Nuha terdiam beberapa saat. Kenyataan Semarang bukan lagi rumah bagi keluarga mereka. Rumah yang tersisa sekarang adalah apa yang ada di depan mata mereka. Kondisi ekonomi mereka benar-benar buruk. Akan lebih buruk jika media menyiarkan kasus orang tua mereka.

"Anuu…bukannya kamu harus istirahat?"

"iya sih tapi kan nggak sekarang juga."

Nuha tersenyum, "iya tapi kan kamu harus istirahat. Jakarta semarang jauh loh dek. Abang nggak mau kamu makin sakit.

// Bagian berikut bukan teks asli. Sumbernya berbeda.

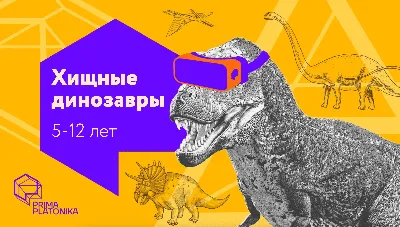 На аукционе продадут скелет хищного динозавра возрастом 76 млн лет | РБК  Life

Lagian temen kamu dan udah di sini semua"

Kar menyernyit, "Re maksud abang?"

Nuha menggaruk tengkuk rikuh. "Iya" ragu-ragu Nuha mengiyakan.

"Hehe iya sih, tapi kan dia mau balik ke jerman"

"No. Dia bilang bakal stay di sini"

"Serius?" Kar tak percaya. "Tadi Re bilang gitu sama abang?"

Nuha mengangguk. Tak mau banyak bicara tentang gadis itu. Beberapa jam yang lalu mereka sempat bicara satu sama lain. Meski tak masuk akal dan dipenuhi dengan kebencian, Nuha berusaha menerima Re. Semua demi Kar. Bagaimanapun apa kata gadis itu ada benarnya.

"Gue nggak maksa lo buat maafin gue. Tapi please kasih gue kesempatan buat ada di sisi adek lo. Gue sahabat dia, gue nggak mau dia merasa sendirian di saat dia nggak punya apa-apa yang bisa buat di percaya dengan hidupnya. Gue tau lo benci sama gue bang. Gue tau lo sengaja bikin gue nggak tau kabar Kar selama setahun terakhir, itu pasti lo lakuin buat kebaikan Kar. Gue coba mengerti tapi akhirnya gue salah, dia butuh gue, dia butuh kita, meskipun bakal sulit buat menerima apa yang udah terjadi setahun silam."

"Dia bilang dia takut sendirian. Dia bilang dia takut mati dan nggak inget apa-apa dalam hidupnya. Gue percaya kalo lo adalah orang yang baik, jadi izinin gue buat ada di sisi dia. Nuha…lo nggak akan egois lagi kan?"

Kata-kata Re masih berputar di kepala Nuha, padahal Kar sudah masuk ke dalam rumah. Suara mesin mobil masih terdengar begitu berisik mengisi kekosongan. Hanya ada Nuha di dalam mobil, di temani dengan remang lampu dan perkataan Re di kepala. Kepala Nuha ingin meledak.

Dua saudara itu benar-benar menghancurkan hidup adiknya.

Brak!

Nuha frustasi ia memukul stir mobil. Melampiaskan kemarahannya. Kenapa Juga ia membiarkan Re dan Ray kembali masuk ke kehidupan adiknya. Kenapa Juga ia harus menuruti keduanya. Mereka berdua memang manusia yang pintar menggunakan kelemahan dirinya. Sial, dua brengsek itu telah membuatnya bertekuk lutut dalam perintah.

Tiba-tiba sebuah pesan masuk menggetarkan ponselnya. Nuha mengepalkan tangannya.

Rehantrulala : Gue di Jakarta. Ada yang pengen gue omongin ke lo.